At 3:17 PM -0400 2/25/03, Joe Chang wrote:
>The original question is whether split horizon is used to prevent loops in
>BGP.
>
>Short answer is no, BGP will not send a route back to the advertising AS
>because BGP is aware that route has traversed that AS. This feature can be
>implemented regardless of where the routing protocol sits on the OSI.

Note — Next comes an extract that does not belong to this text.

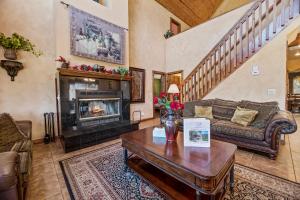 Boulder Bay Park Lakefront - Across the street from the lake and Boulder Bay Park! Hot tub!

_can_ be implemented. In other words, an implementer choice, which
may or may not be user-configurable. Depending on what you are
trying to do in the implementation, it may make sense to send out
garbage that you know will be rejected at the destination, if it
significantly saves processing resources at the source and bandwidth
is cheap.

This is not the trend, however, in either BGP architecture or
implementation, as evidenced by things like ORF. Maximum
preprocessing of updates is particularly important in BGP because
avoiding sending irrelevant or incorrect information contributes to
Internet stability.

Understanding the goal of stability is important to several current
BGP threads. I think it bothers some people, for example, that you
don't always get completely optimal route selection in a RR cluster.
Giving up route optimality for stability is a design choice.

>
>Howard, we don't care if you personally invented BGP, just give it to us
>straight, please?

What, Sir, do you mean by "straight"?

I personally rather like to know someone's credentials for making a
flat statement, be those literature references or personal experience.